### Aim of the task
What is needed is an exact copy of the lines in the entries below from the one holding "Man in plaid" through the one holding "A display rack", pictures excluded.

### Materials provided
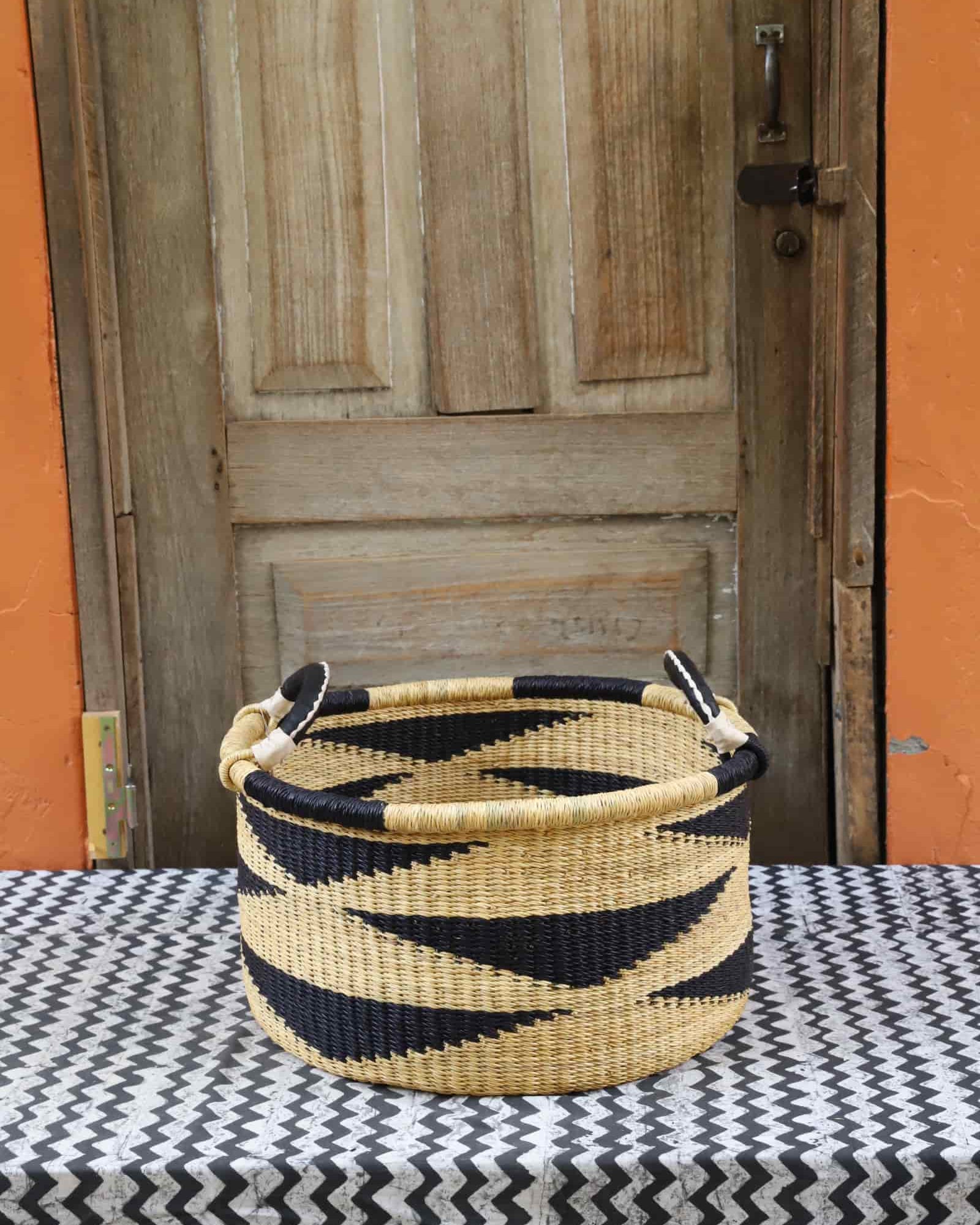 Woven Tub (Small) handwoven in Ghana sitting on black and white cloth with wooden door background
...
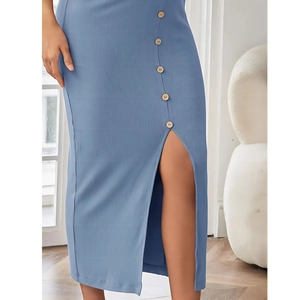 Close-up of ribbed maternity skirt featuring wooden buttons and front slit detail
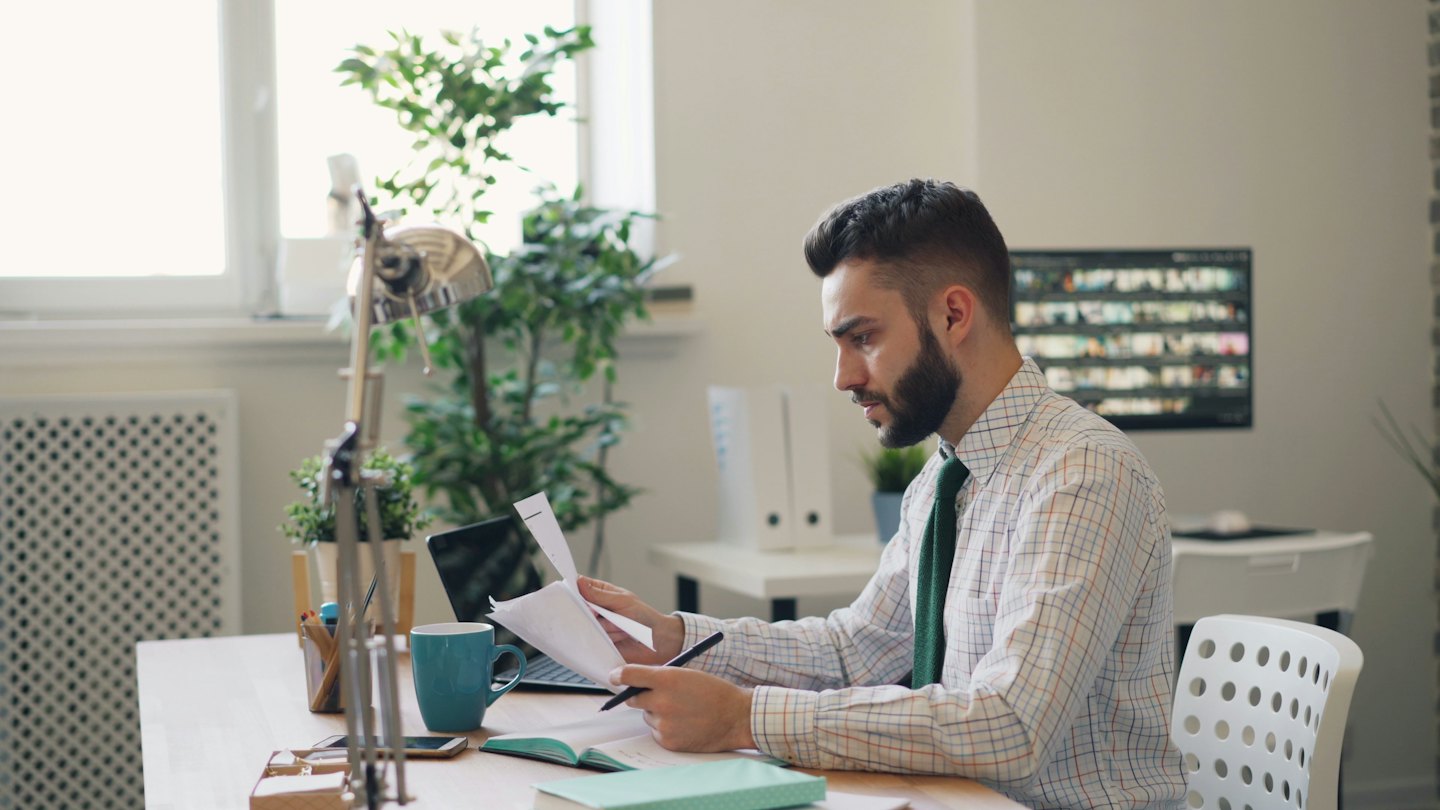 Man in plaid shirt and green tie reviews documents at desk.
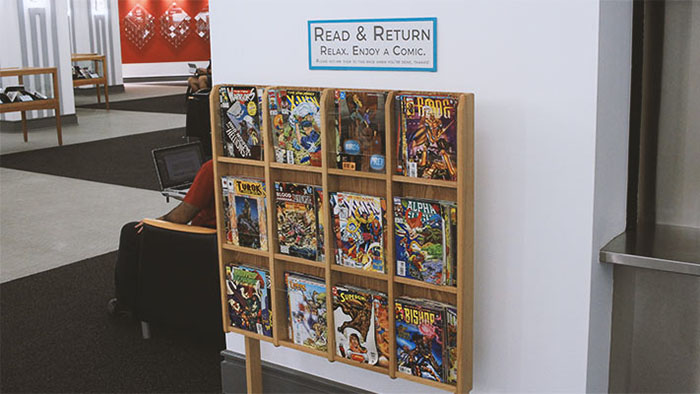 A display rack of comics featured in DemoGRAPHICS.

### Solution to the problem
 Man in plaid shirt and green tie reviews documents at desk.
 A display rack of comics featured in DemoGRAPHICS.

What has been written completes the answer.